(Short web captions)
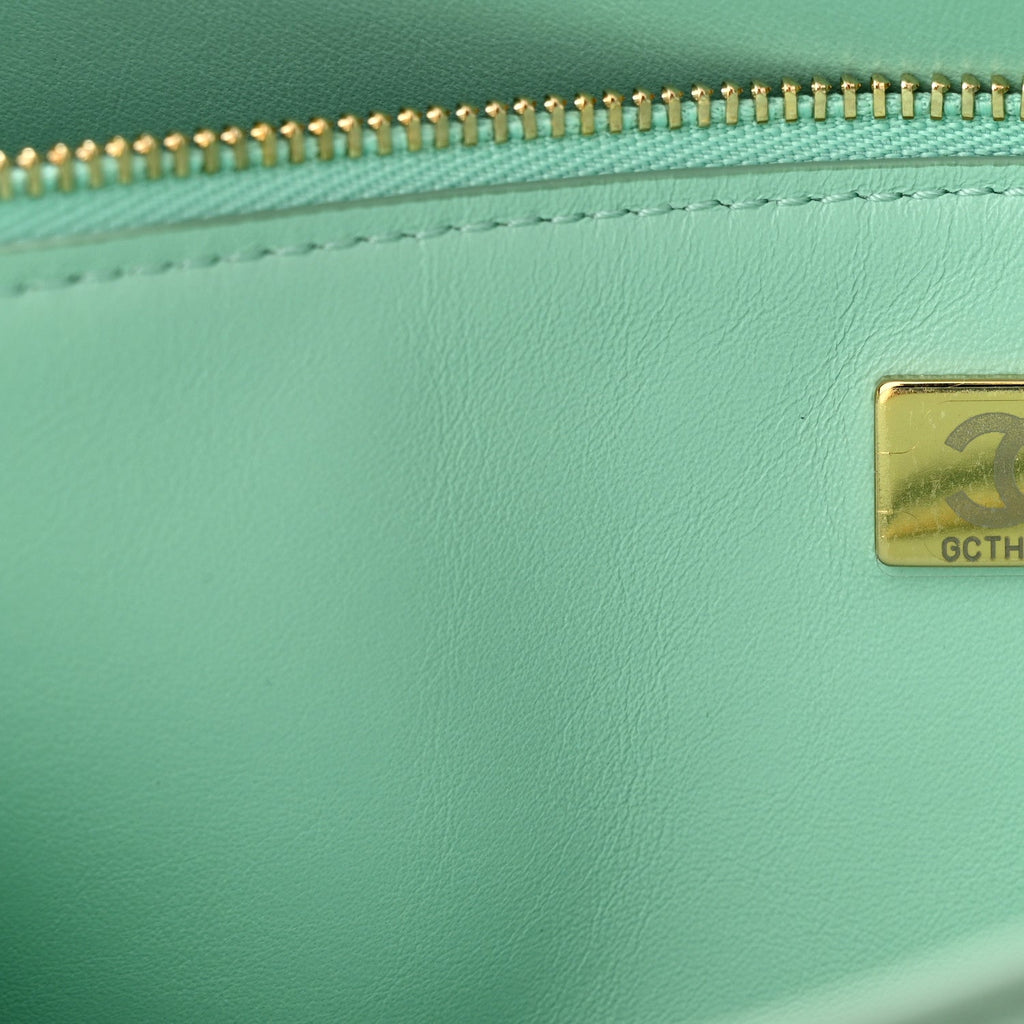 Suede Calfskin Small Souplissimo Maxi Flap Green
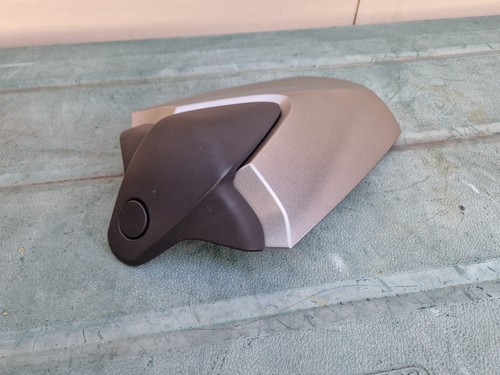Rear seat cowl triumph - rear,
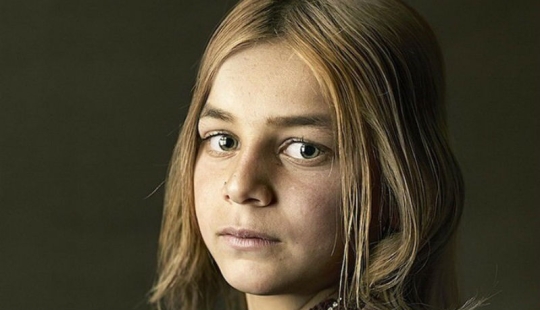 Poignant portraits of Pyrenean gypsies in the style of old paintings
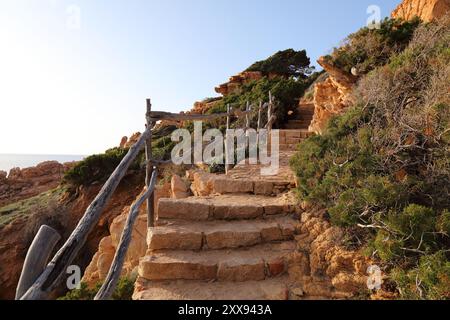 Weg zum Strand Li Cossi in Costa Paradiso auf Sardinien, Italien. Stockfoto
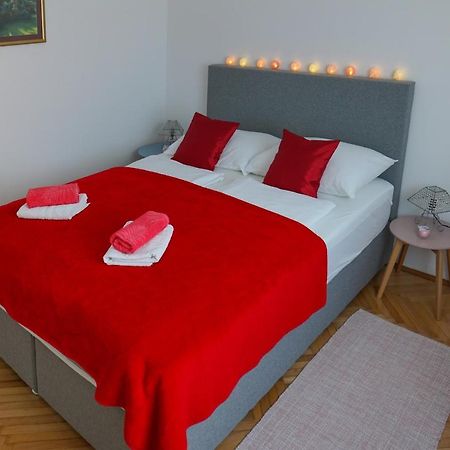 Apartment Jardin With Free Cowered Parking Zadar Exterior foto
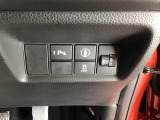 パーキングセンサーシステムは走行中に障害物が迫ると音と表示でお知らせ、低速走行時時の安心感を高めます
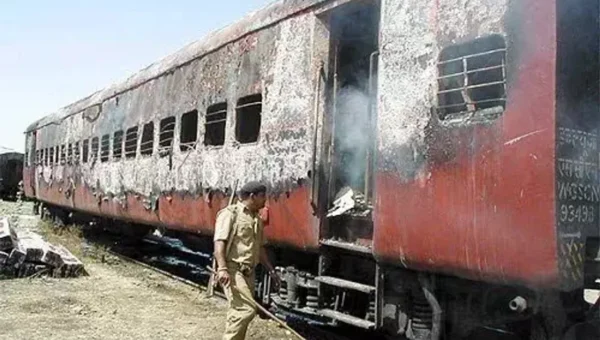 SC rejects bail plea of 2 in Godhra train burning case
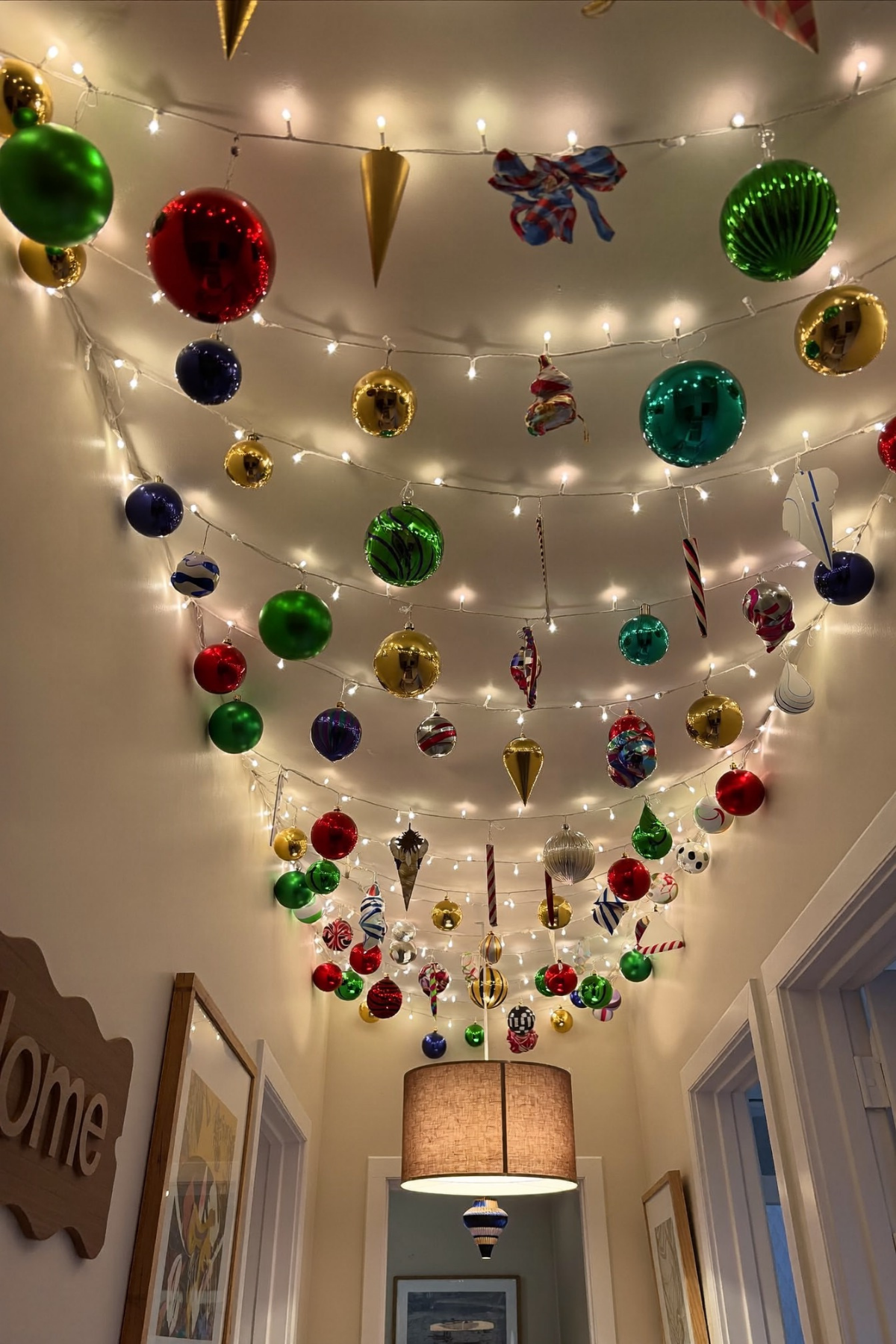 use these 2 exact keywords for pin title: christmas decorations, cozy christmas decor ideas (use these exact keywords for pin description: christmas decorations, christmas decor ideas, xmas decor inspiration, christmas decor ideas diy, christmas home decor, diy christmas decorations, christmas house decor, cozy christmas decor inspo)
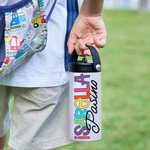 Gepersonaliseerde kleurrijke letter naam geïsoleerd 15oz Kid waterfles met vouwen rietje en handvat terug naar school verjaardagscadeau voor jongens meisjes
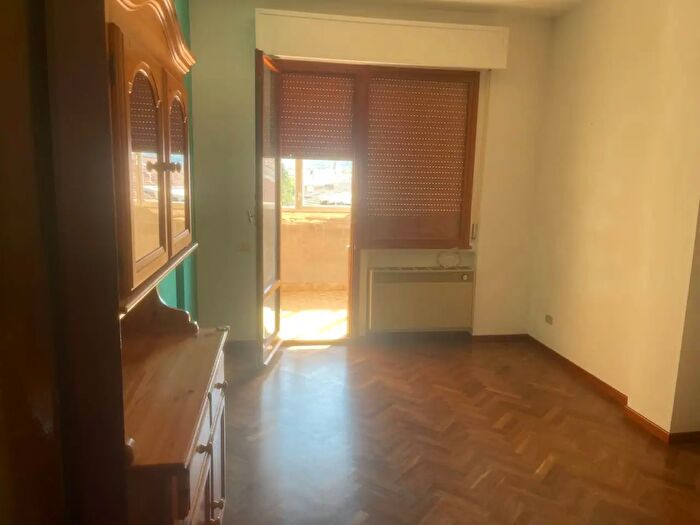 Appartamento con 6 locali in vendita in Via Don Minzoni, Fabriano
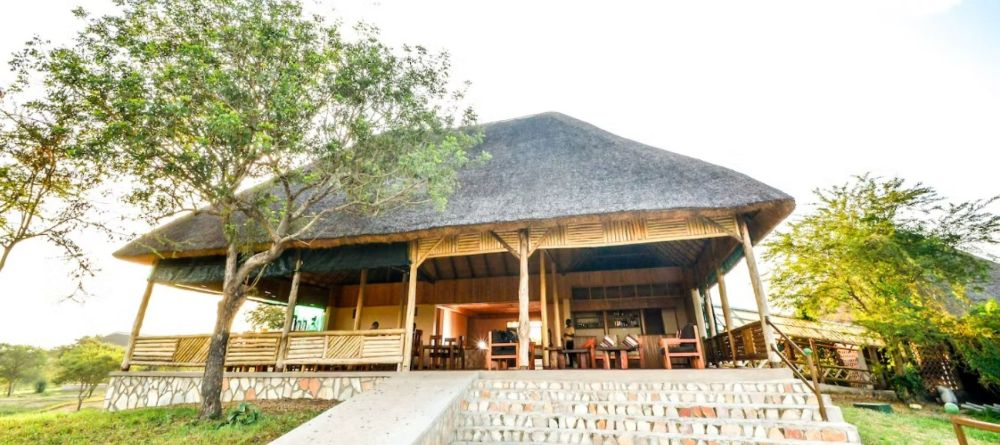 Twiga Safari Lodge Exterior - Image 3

Aim of the exercise |
Only the lines from the one with "Gepersonaliseerde kleurrijke letter" through the last line above belong in the answer. Reproduce them exactly, without the pictures.

The completed task |
 Gepersonaliseerde kleurrijke letter naam geïsoleerd 15oz Kid waterfles met vouwen rietje en handvat terug naar school verjaardagscadeau voor jongens meisjes
 Appartamento con 6 locali in vendita in Via Don Minzoni, Fabriano
 Twiga Safari Lodge Exterior - Image 3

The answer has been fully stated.